◆ What this task involves ◆
Copy exactly and only the lines running from the one that contains "Купить Volkswagen Touareg" to the final line of the data below, without the pictures.
──────── Given information
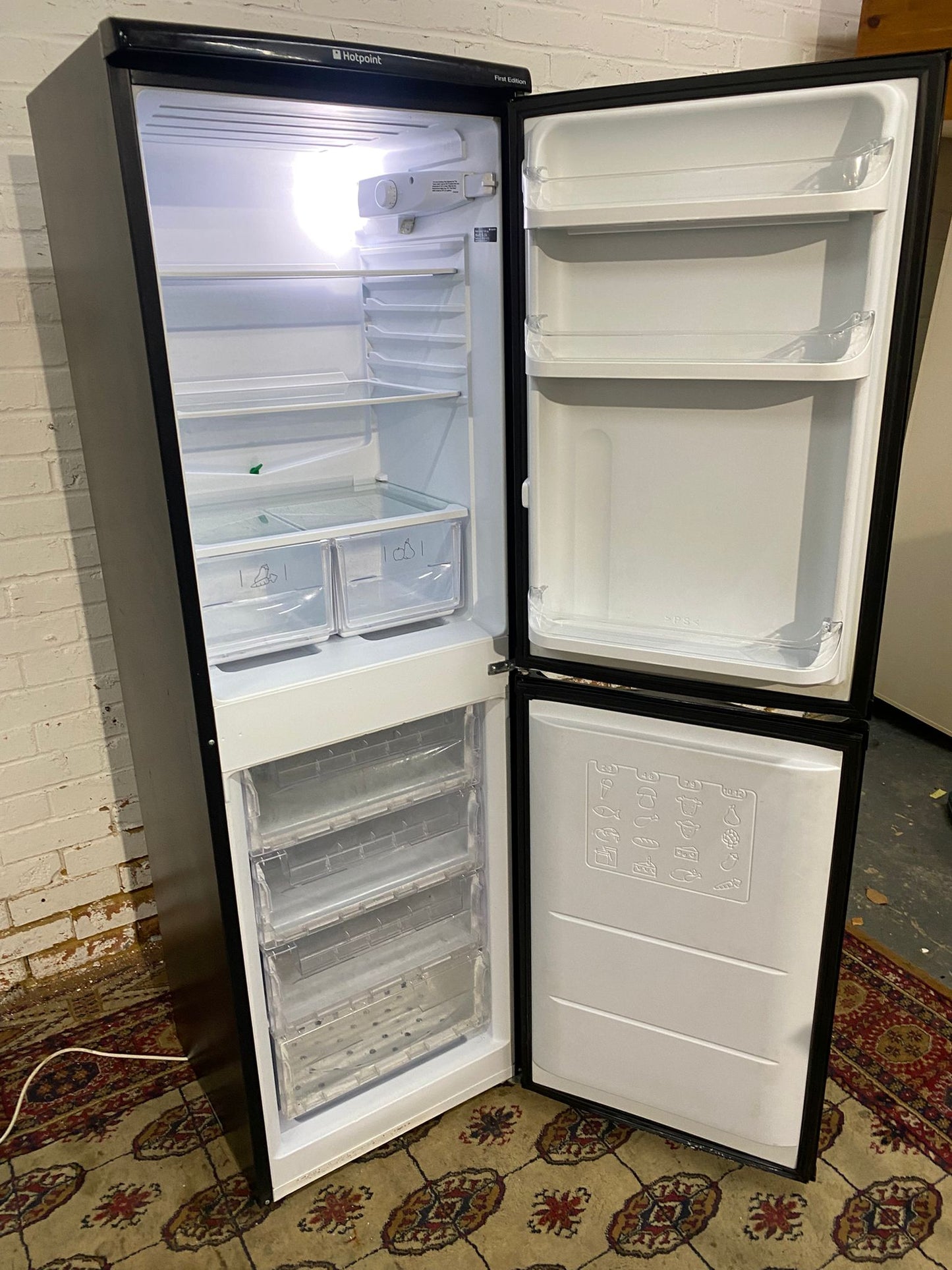 🚚Hotpoint Black First Edition Frost Free Fridge Freezer 50/50 For Sale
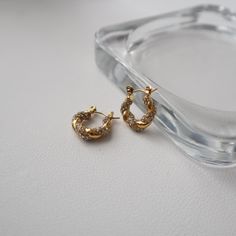 Take the plunge with Mia Hoops – the definition of style and sophistication! Small but mighty, these beauts will have your fashion game on point. They're small enough to be subtle but stylish, with just enough sparkle to make a statement. - stainless steel, gold plated-16mm Jewellery Photo, Small But Mighty, Game On, Ear Jewelry, Photo Jewelry, Fashion Clothes, Fashion Games, Gold Plate, Gift Card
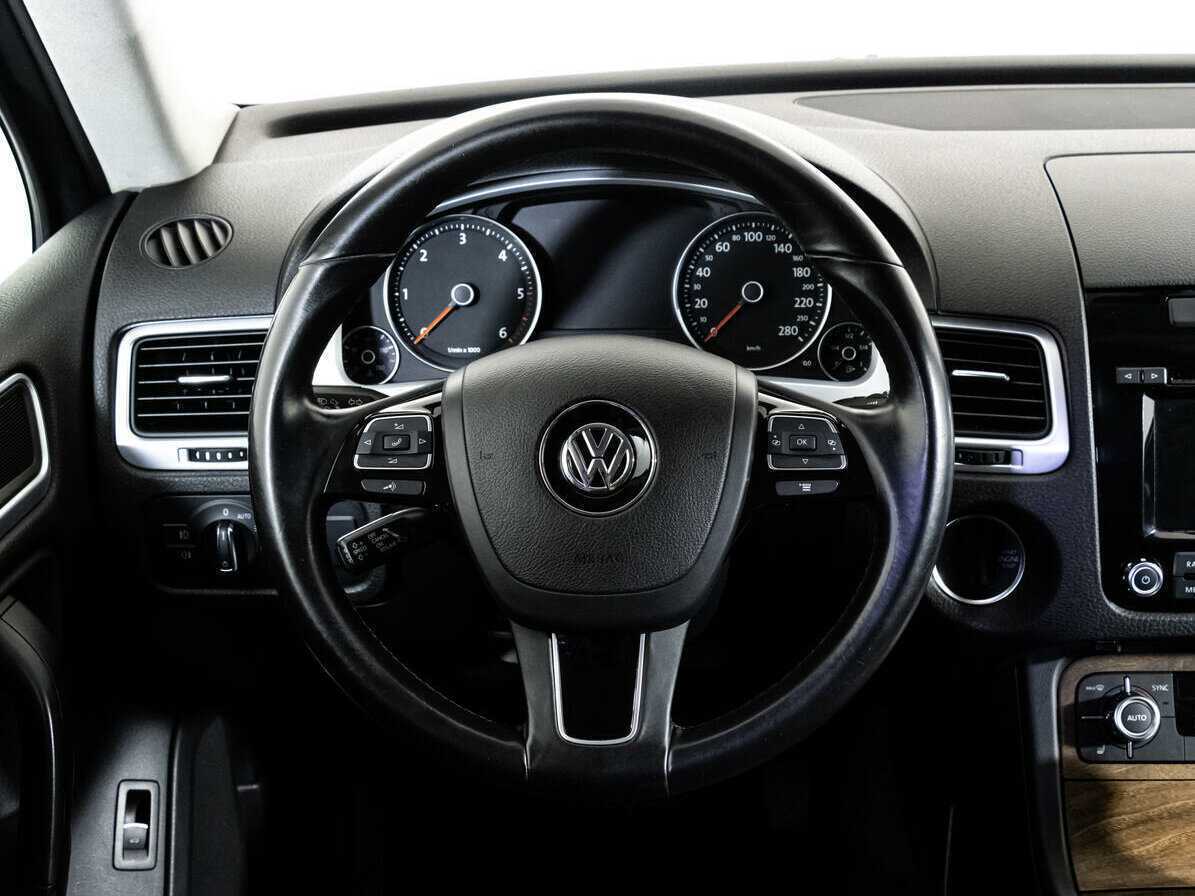 Купить Volkswagen Touareg с пробегом. Фото: #9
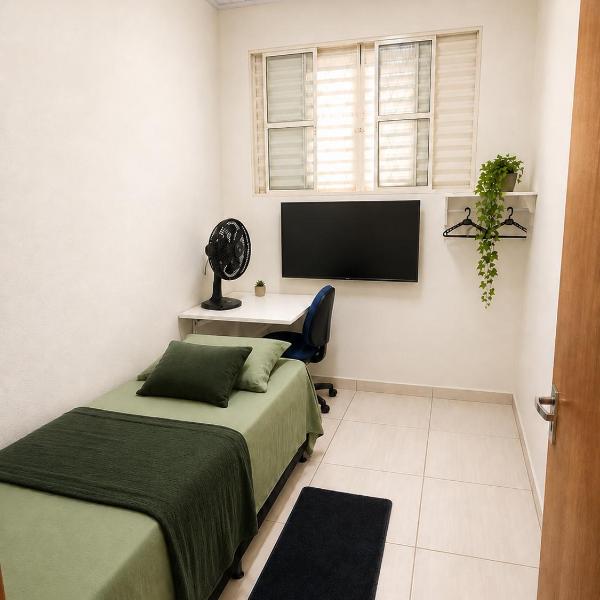 Quarto 03 com TV e ventilador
────────────────
◆ Task answer ◆
 Купить Volkswagen Touareg с пробегом. Фото: #9
 Quarto 03 com TV e ventilador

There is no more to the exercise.